## WHAT THIS TASK INVOLVES
In the answer, each entry below appears exactly as given, and no picture appears at all.

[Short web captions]

--- START ---

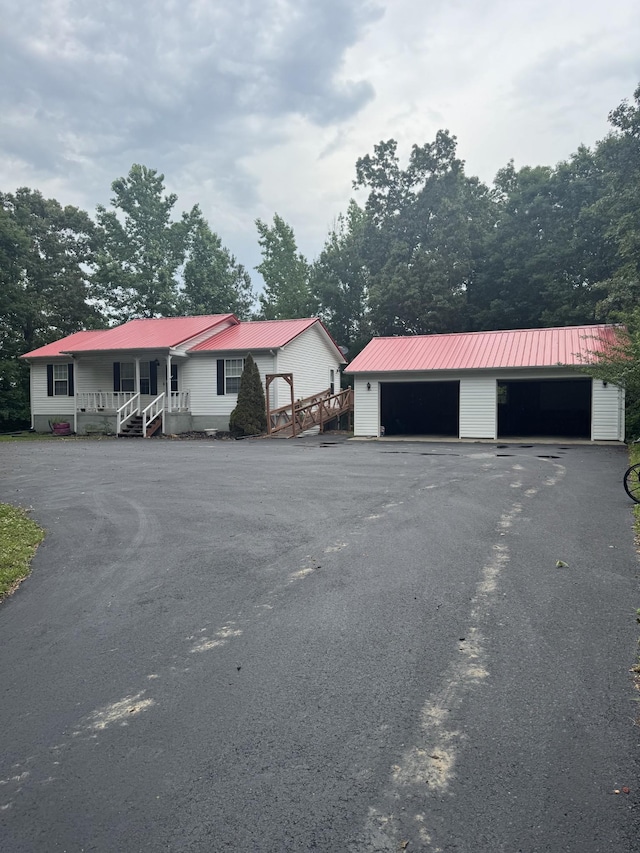 2080 Winsett Rd, Springville, TN 38256 - view of front of home featuring an outbuilding, metal roof, a garage, and covered porch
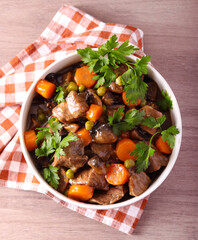 stew with mushrooms, carrot and peas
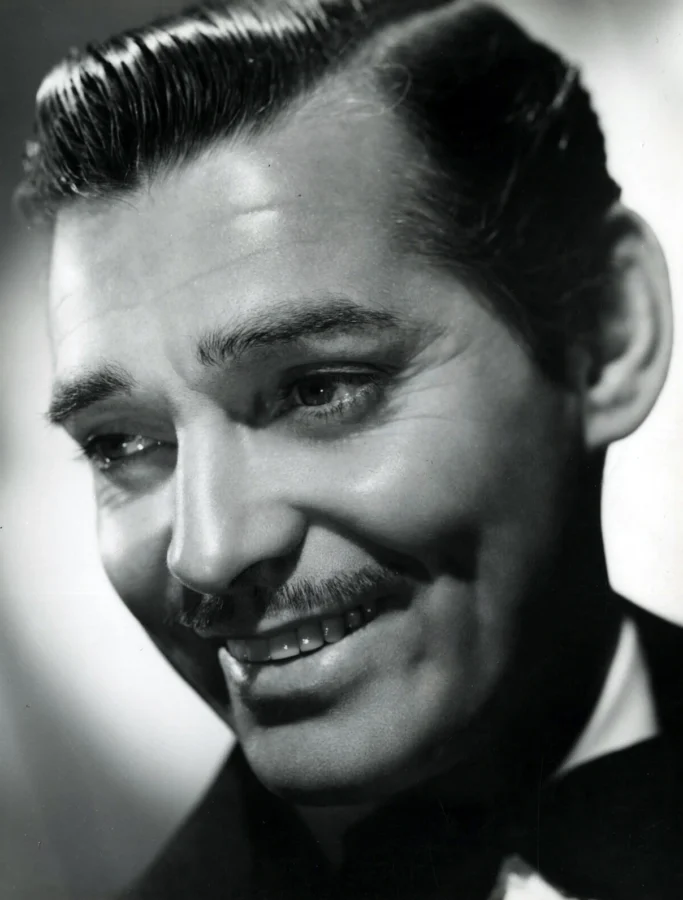 Black and white close-up portrait of Clark Gable smiling with his signature moustache and slicked hair in high-contrast studio lighting.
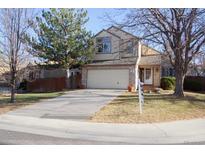 Two-story house with attached garage and landscaping at 3342 W 114Th Pl, Westminster, CO 80031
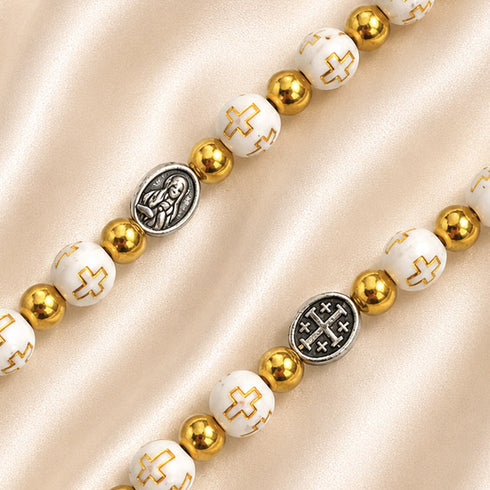 Close-up of white and gold rosary beads with Virgin Mary and Jerusalem Cross medals on a champagne satin background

--- END ---

## THE COMPLETED TASK
 2080 Winsett Rd, Springville, TN 38256 - view of front of home featuring an outbuilding, metal roof, a garage, and covered porch
 stew with mushrooms, carrot and peas
 Black and white close-up portrait of Clark Gable smiling with his signature moustache and slicked hair in high-contrast studio lighting.
 Two-story house with attached garage and landscaping at 3342 W 114Th Pl, Westminster, CO 80031
 Close-up of white and gold rosary beads with Virgin Mary and Jerusalem Cross medals on a champagne satin background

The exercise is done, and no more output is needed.